故事发生在上个世纪四十年代初期二次大战末期的英国。

小说的主人公作家莫里斯在体验政府官员亨利的日常生活时和其太太萨拉一见钟情。两个人你来我往,很快,萨拉就和莫里斯劈腿并隔三差五地进行幽会。

恰逢二战后期兵荒马乱的年代,有一次,两人在幽会时,莫里斯所处的公寓楼被炸,他被压在楼板下,血肉模糊。受宗教信仰内力的驱驶,萨拉对莫里斯虔诚地祷告后忍痛割爱地离开了他。

萨拉的忽然不辞而别,使得莫里斯有“等闲变却故人心,却道故心人易变”的失落感。他六神无主,一片惘然。他茶不思饭不想。他怀疑萨拉移情别恋了。
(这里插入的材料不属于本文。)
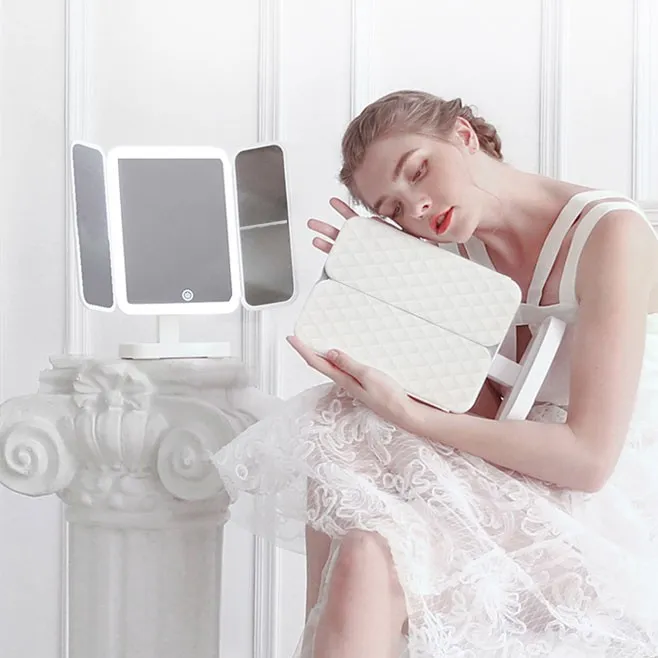 【正品/顺丰发货】led带灯补光高清镜子三面折叠化妆镜补光灯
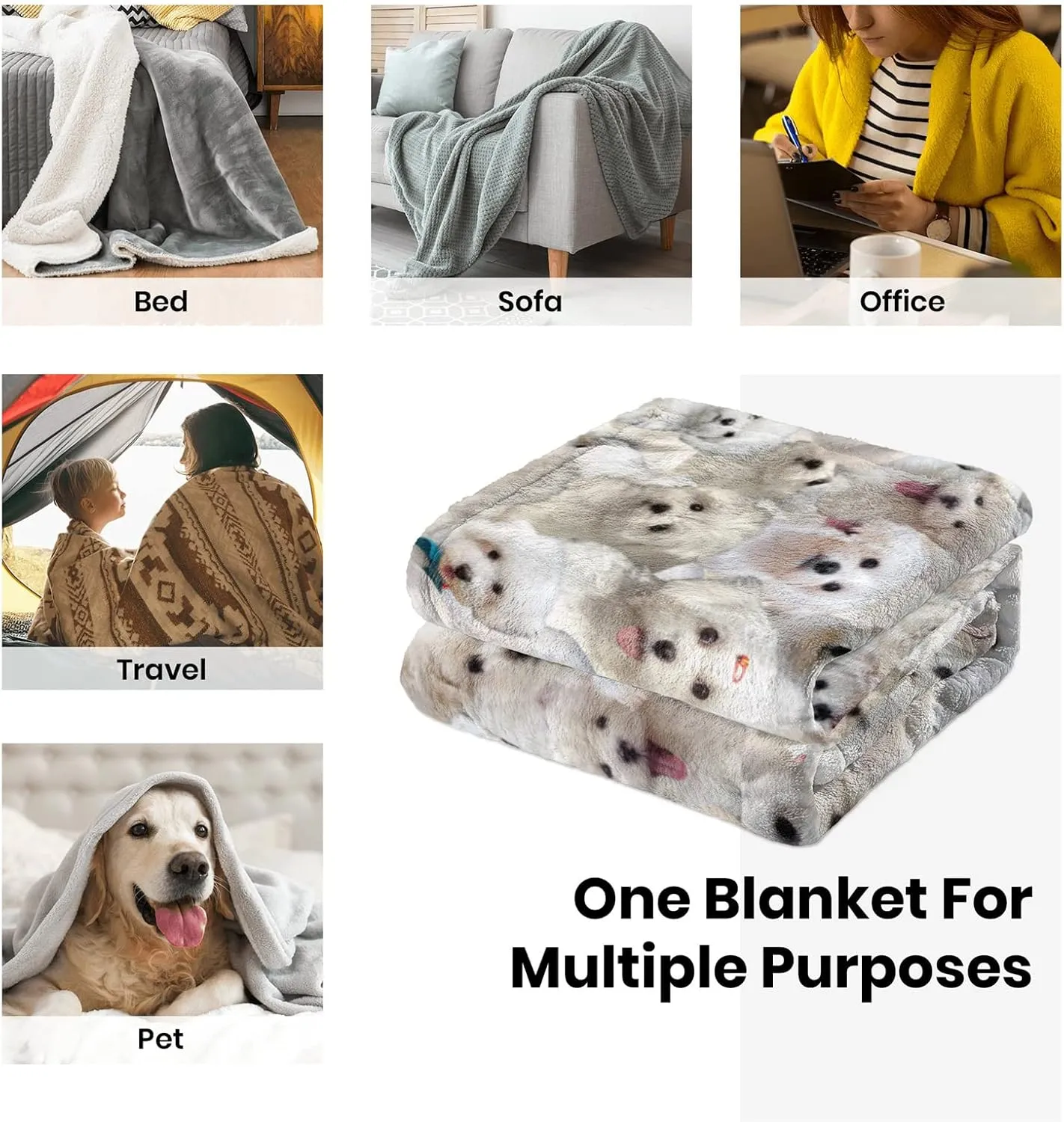 Cute Maltese Dog Blanket, Maltese Dog Mom GiftGifts for Maltese Dog Lovers Pet Owners, Funny Maltese Dog Full Face Blankets, Soft Fleece Throw Blanket for Couch Bed Sofa Living Room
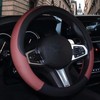 SHIAWASENA Car Steering Wheel Cover, Leather, Universal 15 Inch Fit,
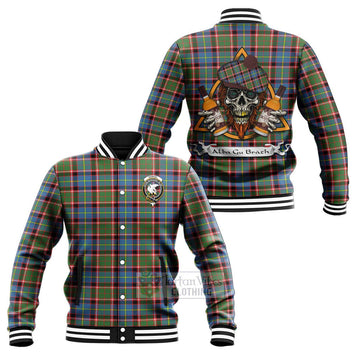 Norvel Tartan Baseball Jacket with Family Crest and Bearded Skull Holding Bottles of Whiskey Unisex - Tartan Vibes Clothing
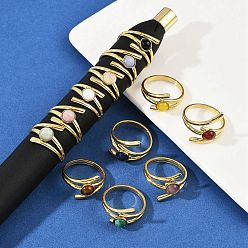 Другие 316 Кольца-манжеты из нержавеющей стали с натуральными смешанными драгоценными камнями, ионное покрытие (ip), реальный 18 k позолоченный, пайки, 14.5 мм, внутренний диаметр: 18.8 мм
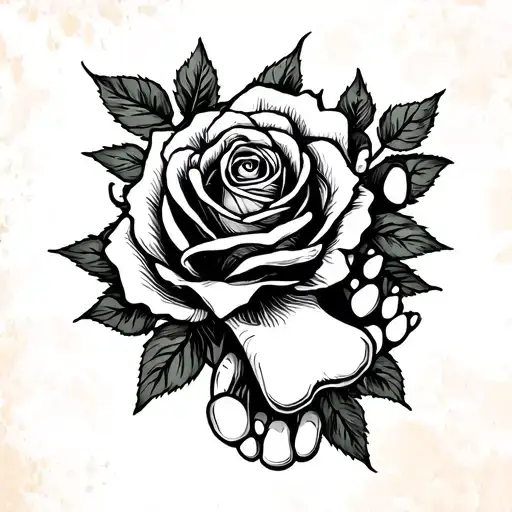 Black Roses With Dog Foot Print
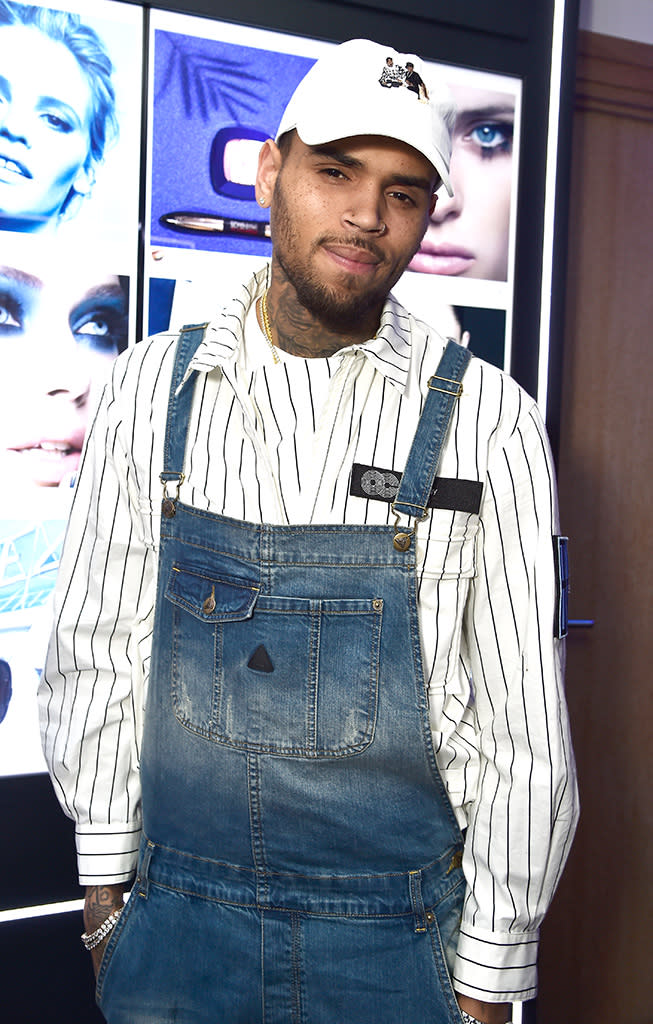 Chris Brown attends the L'Oreal Paris Blue Obsession Party at the annual 69th Cannes Film Festival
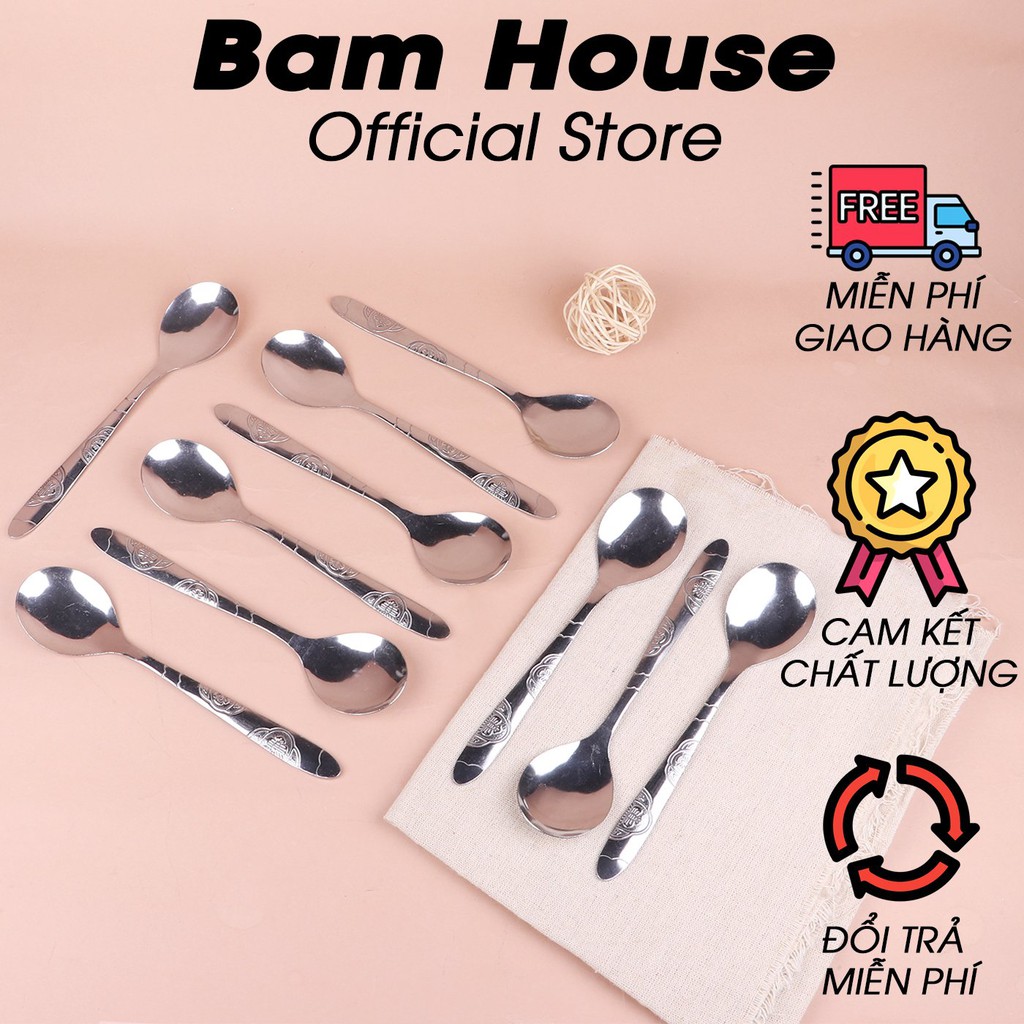Muỗng soup tròn inox Bam House cán họa tiết cao cấp MHT10 – BamBam Store | BigBuy360 - bigbuy360.vn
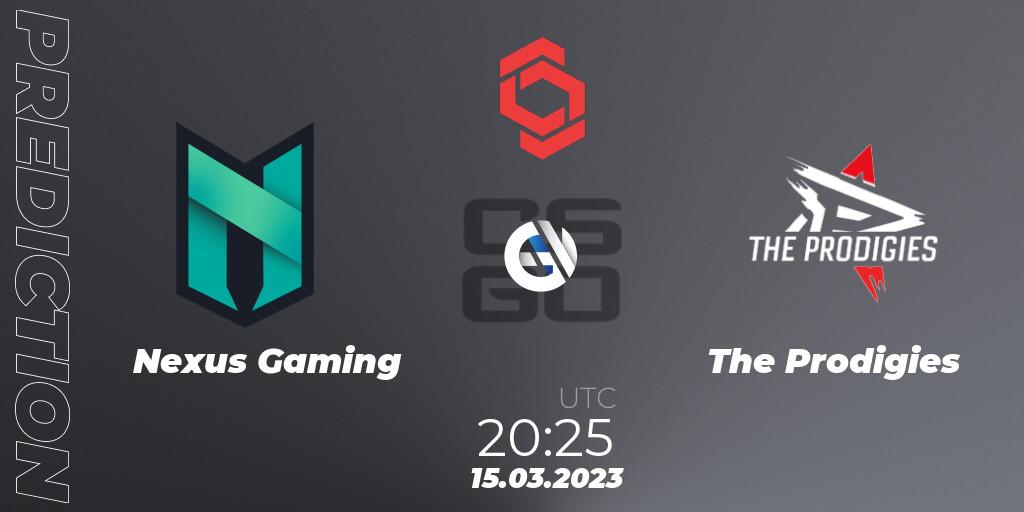 Nexus Gaming - The Prodigies: прогноз. 15.03.2023 at 20:25, Counter-Strike (CS2), CCT Central Europe Series 5 Closed Qualifier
“他对这个女人的痴迷已到了如此地步,以至于夜里只要一醒过来,便会发现自己的头脑马上被她所占据,再也不想睡了。”

嫉妒只和欲望并存。当他一次又一次回家去的时候,心里总觉得自己肯定只是许多男人当中的一个——只是一个曾经受宠的情人而已。

莫里斯觉得除了自己,根本没有别人受到伤害。他无法释怀心中的恋情,他对萨拉由爱生嫉妒,由嫉妒产生了莫名的恨。

为了发泄心中的恨,他把萨拉想得多么不堪:她像滥情的“茶花女”和别的男人在一起偷情,她演的总是同一出戏:萨拉在做爱;萨拉同X在一起,做着与他们过去在一起时做过的同样的事;萨拉以她特有的方式接吻,在性爱中弓起身子,发出疼痛似的叫喊;萨拉忘情的样子... ...他把她能够入睡都看成是对自己的额外冒犯,他想象萨拉在那些日子里,她所经受的任何痛苦都可以减轻他的一份痛苦。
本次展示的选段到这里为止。